New Delhi, Dec. 3: The US today blew a hole in Pakistan’s defence in the Mumbai attacks, drawing a distinction between “stateless” and “the confines of the state” for the first time and seeking “direct and tough action” by Islamabad.

Scrambling to defuse spiralling bilateral tension that could harm America’s war on terror on the Afghanistan border, visiting US secretary of state Condoleezza Rice cautioned India to ensure its response does not provoke unintended consequences.

The advice came on a day the Indian government reviewed the “preparedness against any possible terror threats from air”.

“The fact is sometimes non-state actors operate from the confines of the state.
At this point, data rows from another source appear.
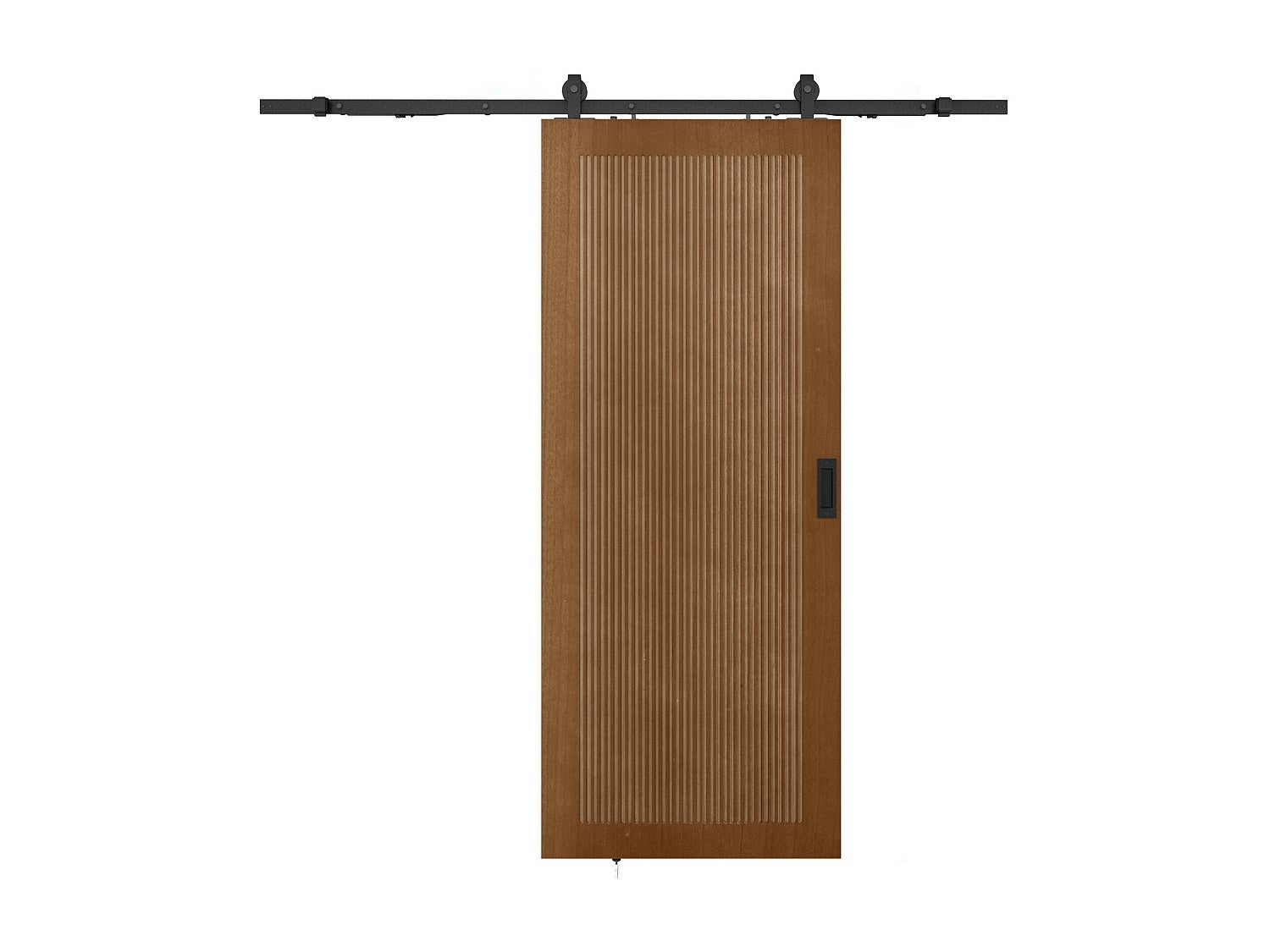 Drzwi przesuwne naścienne z MDF i drewna naturalny ciemny - wys. 205 x szer. 83 cm - SANDORA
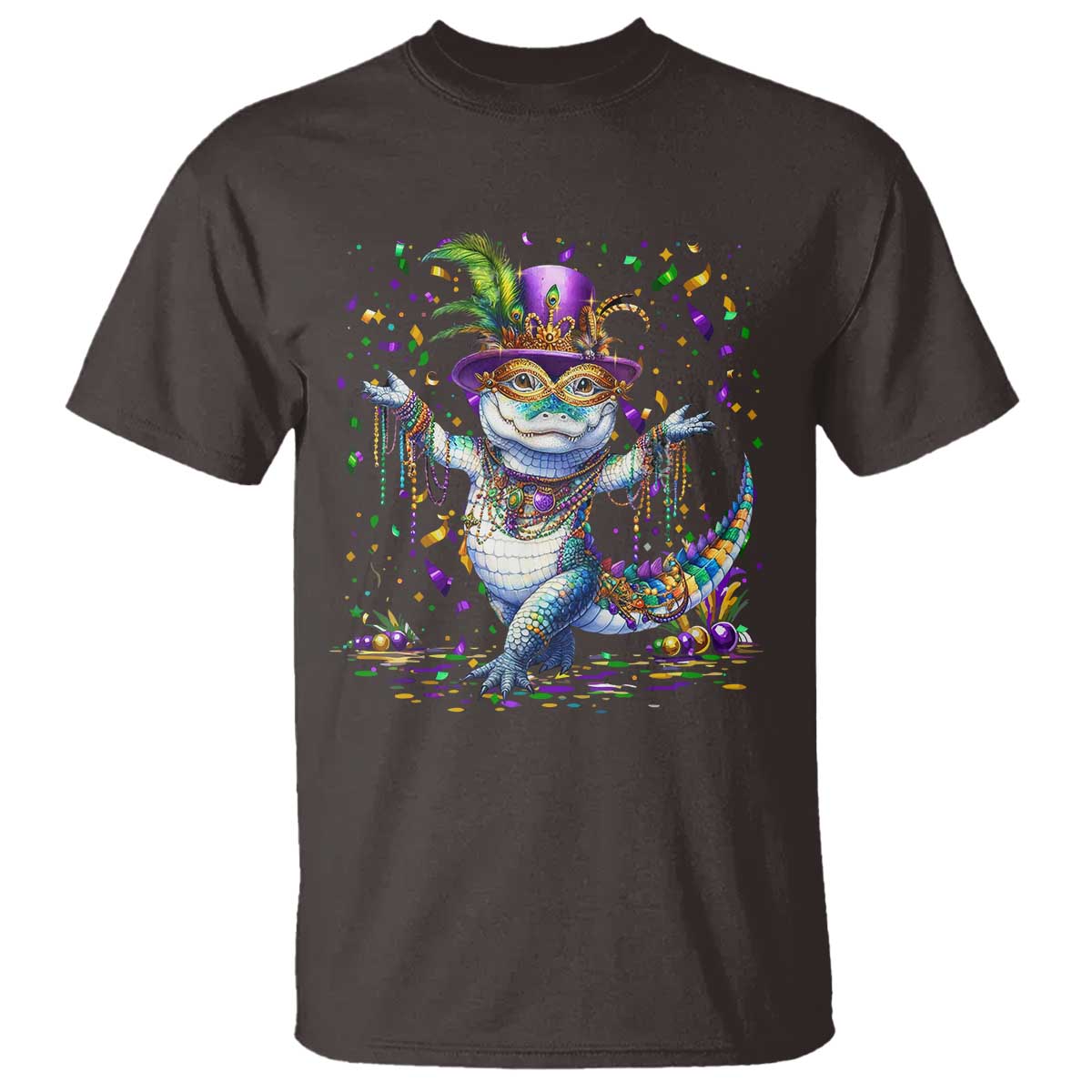 Mardi Gras Crocodile T Shirt Mardigator Alligator Costume Carnival New Orleans Louisiana TS10 Dark Chocolate Print Your Wear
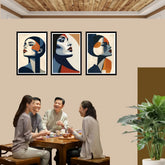 Modern portrait canvas wall decor set for cafe and dining interior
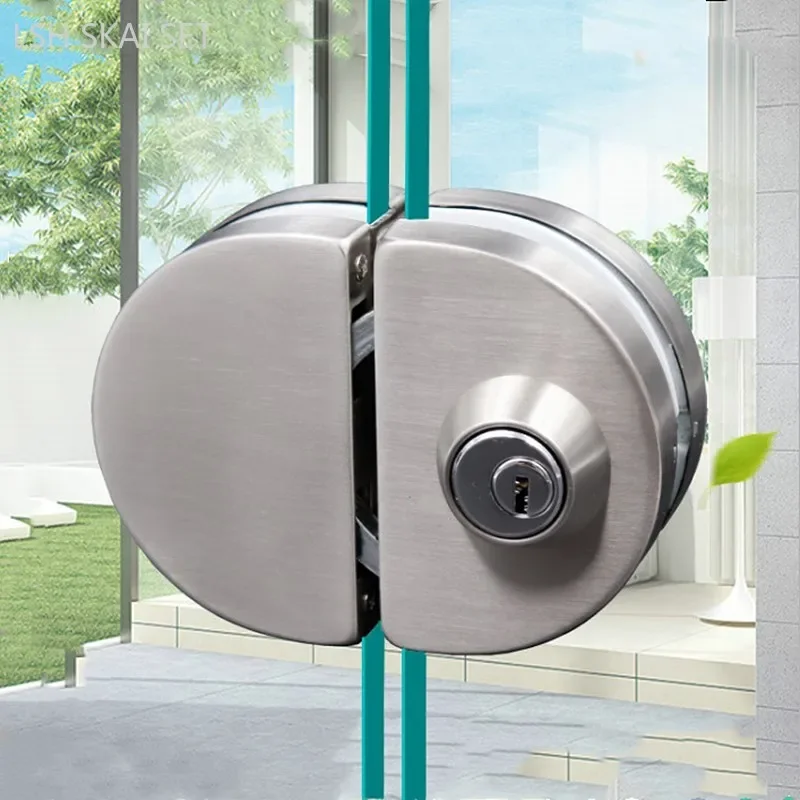 304 Stainless Steel Glass Door Lock Frameless Glass Floor Lock Latch Store Security Door Locks Office Door Accessories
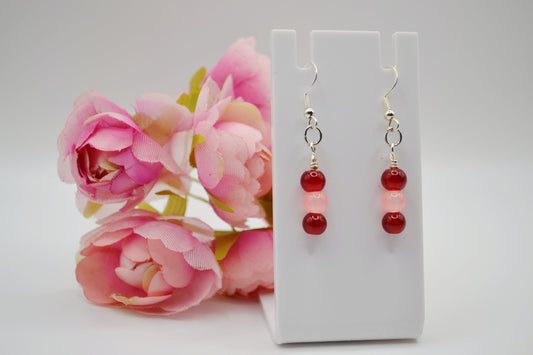 Baby pink and burgundy dangle earrings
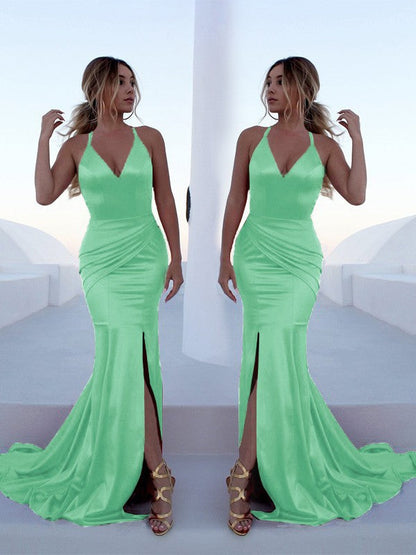 Mermaid Sleeveless Halter Sweep/Brush Train With Ruffles Silk like Satin Prom Dress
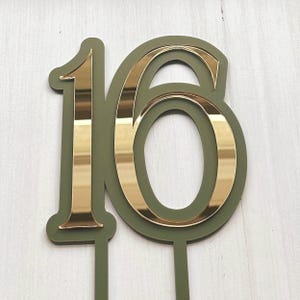 Benutzerdefinierte Nummer Acryl Cake Topper, Double Layer Personalisierte Alter Cake Toppers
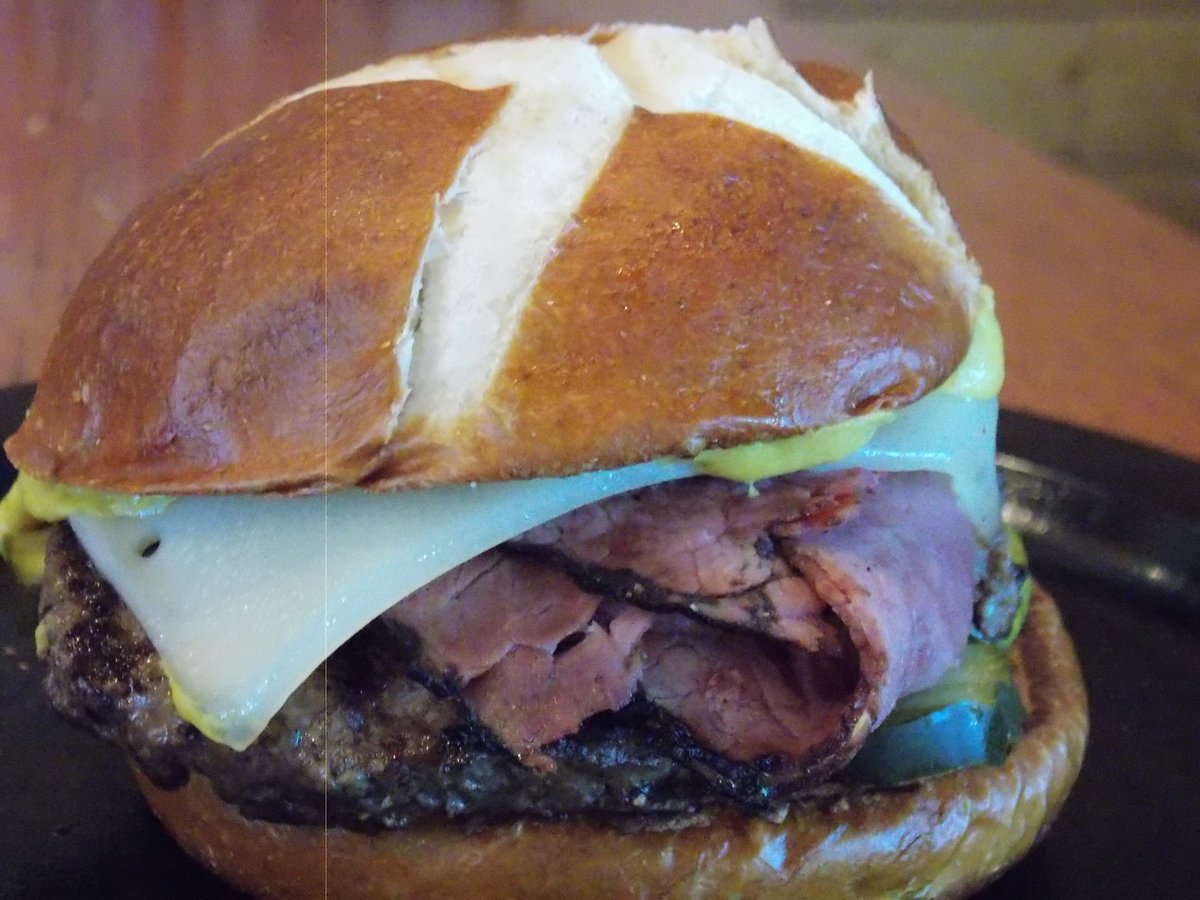ABCRivergate's tweet photo. @ABCRivergate Introducing the Pastrami Burger! 1/3lb Burger,Mustard, pickles, topped with Pastrami and Swiss cheese on a toasted pretzel bun https://t.co/15akdkR0Kt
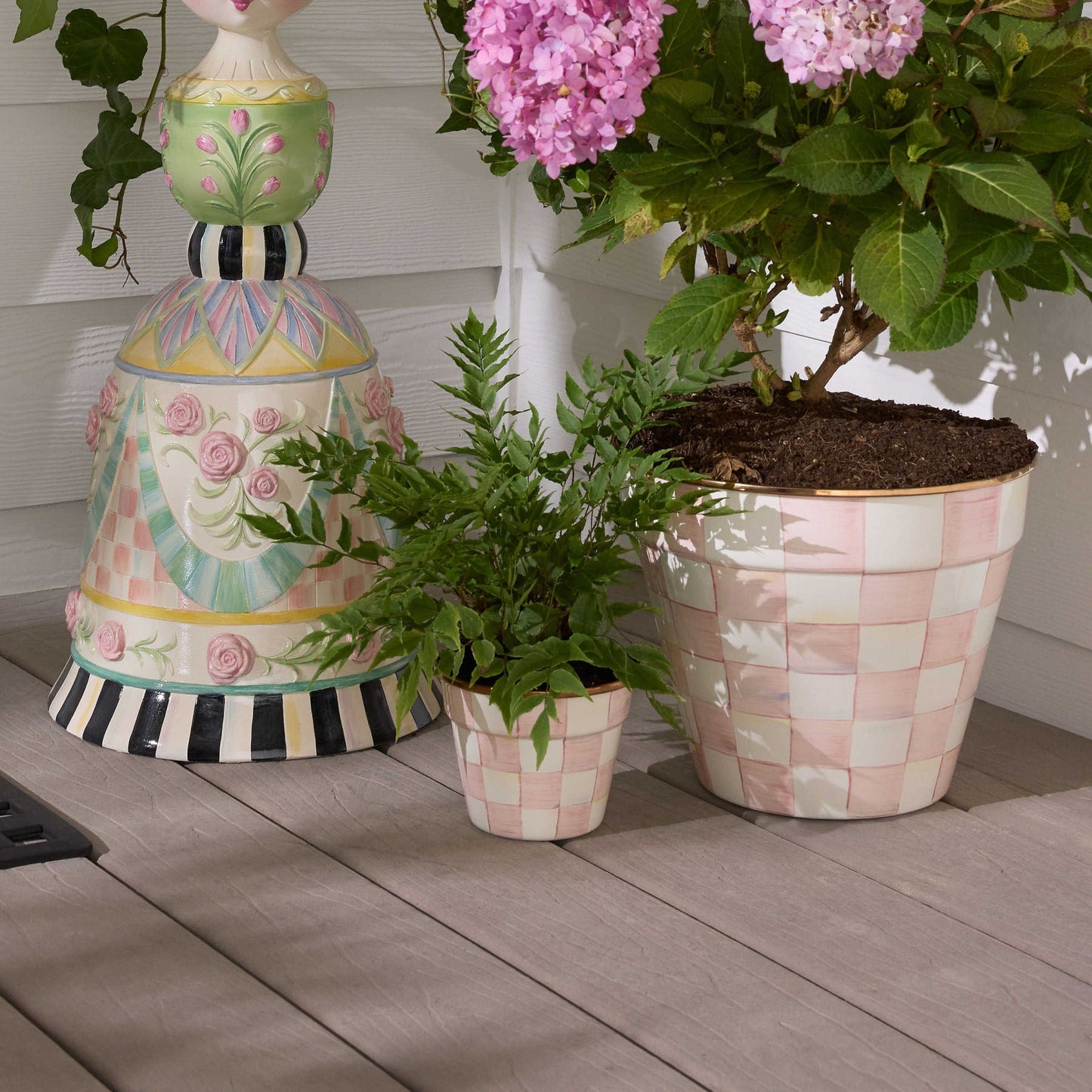 MacKenzie - Childs Rosy Check Small Garden Pot - |VESIMI Design| Luxury Bathrooms and Home Decor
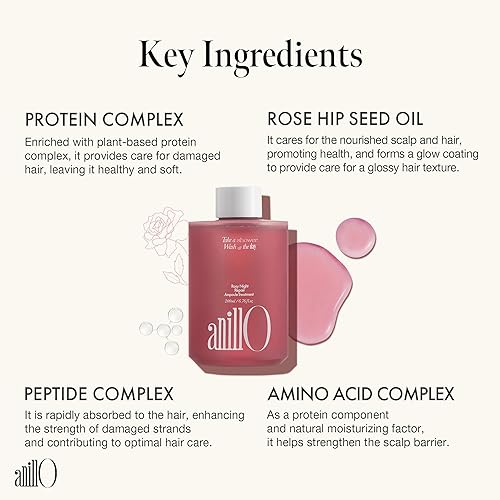 Miniatura 5 de Rosy Night Repair - Tratamiento de ampolla para el cabello, 6.8 fl oz6.76 onzas líquidas, tratamiento diario vegano para el cabello con aceite de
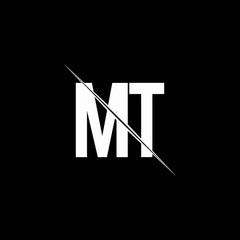 MT logo monogram with slash style design template - obrazy, fototapety, plakaty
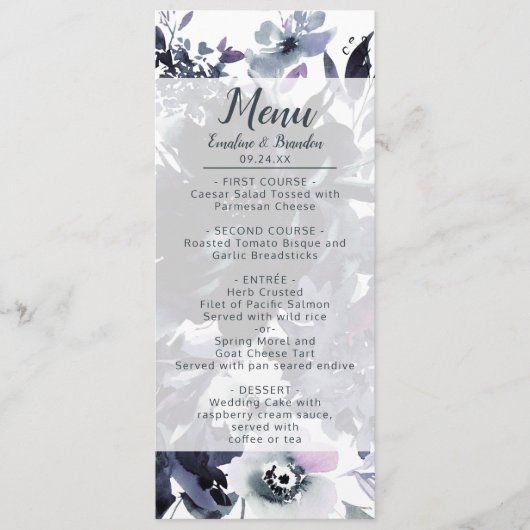 Nachtelijk Bloemen Navy Blauw Chic Waterverf Diner Menu (Voorkant)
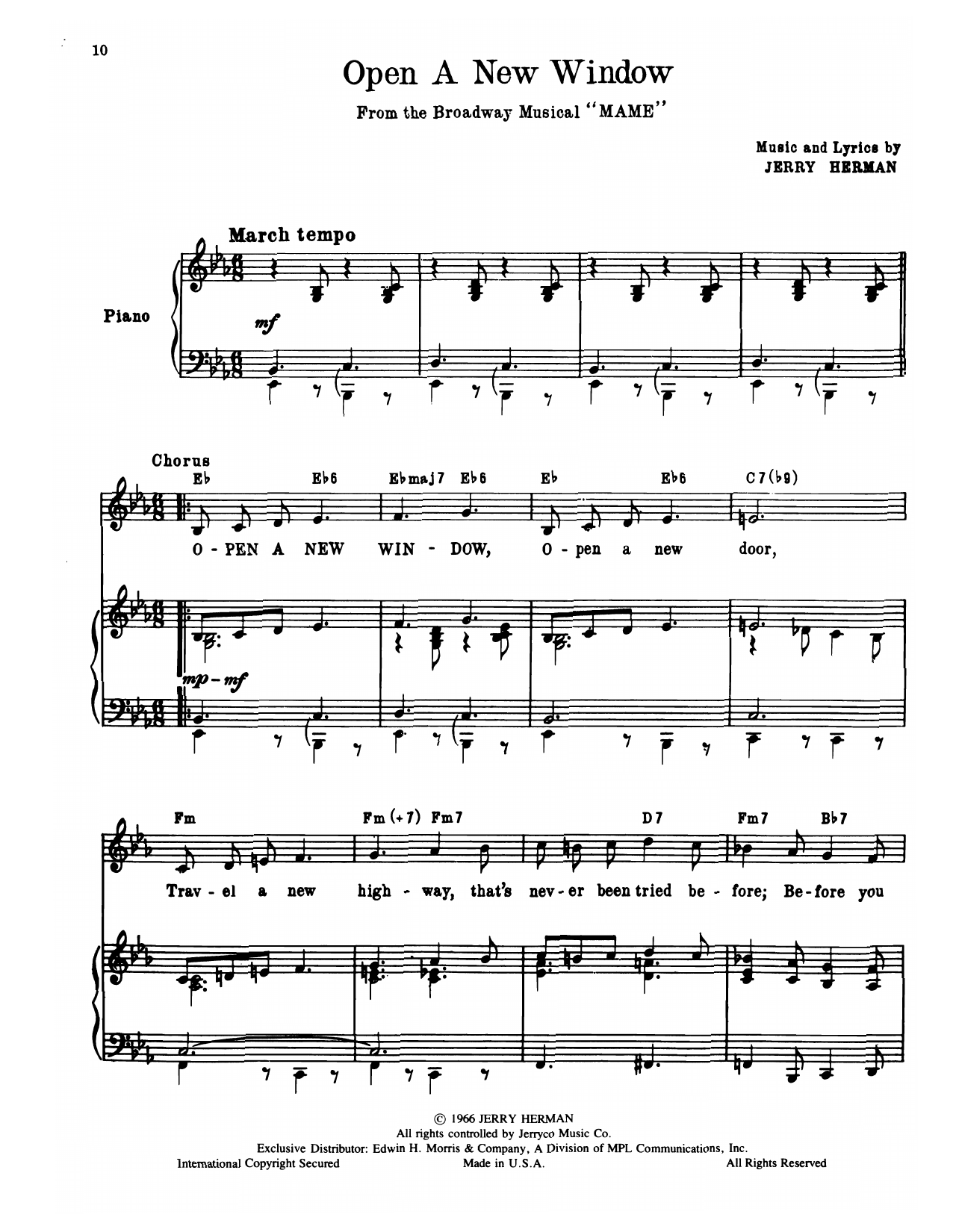 Jerry Herman Open A New Window (from Mame) Sheet Music Notes & Chords for Piano, Vocal & Guitar (Right-Hand Melody) - Download or Print PDF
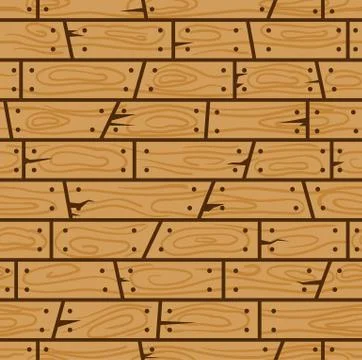 Wood Wall Cartoon Seamless Pattern Stock Illustration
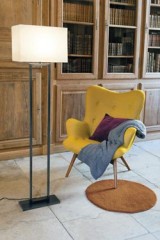Lampadaire abat-jour en lin gris LD64 - Lampadaire by Casadisagne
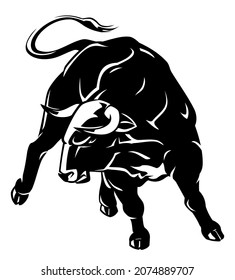 Wild Black Bull Full Length Horned Stock Vector (Royalty Free ...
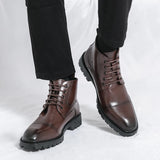 Xajzpa Men's short boots winter fashion new comfortable Amazon tight lace shoes old-fashioned business men's casual fashion shoes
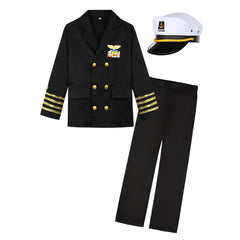 KIDIN Ship Captain hat shown from front, completing a navy look.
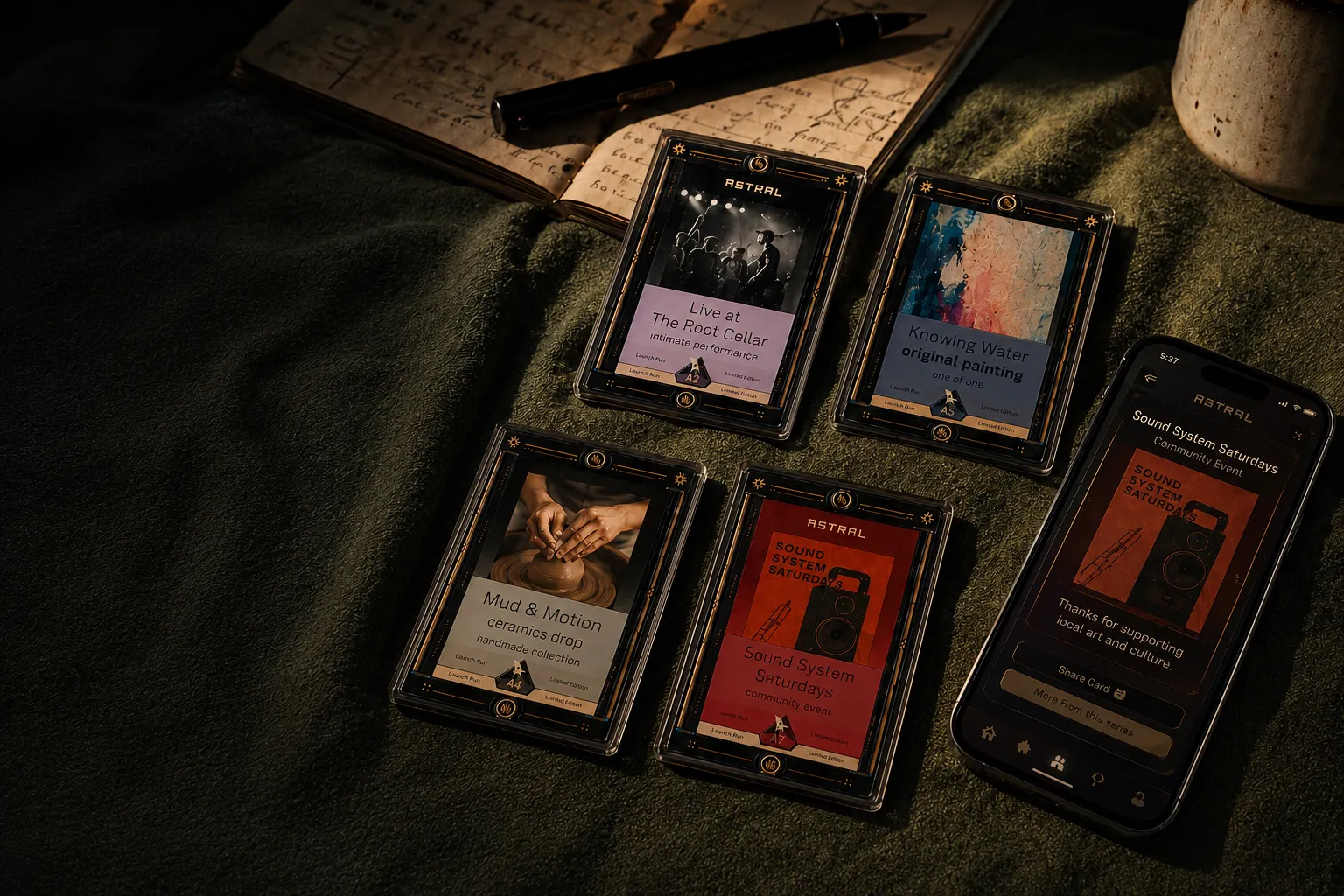 Astral cards on a table along with a phone which just scanned one of them.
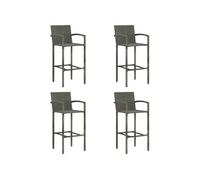 vidaXL Tabourets de bar Lot de 4 – Sièges de pub en résine tressée, gris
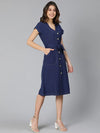 Churlish Blue Linen Blend Meld Women Tie-Knot Dress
There has to be direct and tough action (by Islamabad),” Rice told a joint media conference with foreign minister Pranab Mukherjee in Delhi this evening.

Her remarks came in response to a question on Pakistan President Asif Ali Zardari’s comments that the Mumbai attacks were executed by “stateless actors”.

“Non-state actors are still a matter of your (Pakistan) responsibility that somehow relates to your territory,” Rice said in blunt comments aimed at pacifying the Indian government that is grappling with widespread public anger.

America has never made such an unequivocal distinction earlier, which effectively strips Pakistan of one of its oft-repeated excuses that the government should not be held responsible for possible actions by rogue elements.

“Pakistan has to act transparently, fully and urgently…. Pakistan has a special responsibility to do so,” said Rice who may visit Pakistan tomorrow.

If Rice did not pull punches on Pakistan, neither did she on India. “Any response needs to be judged by its effectiveness in prevention and also by not creating other unintended consequences or difficulties,” she said, fielding a question on whether the US would support India if forces are sent across the border to dismantle terror structures.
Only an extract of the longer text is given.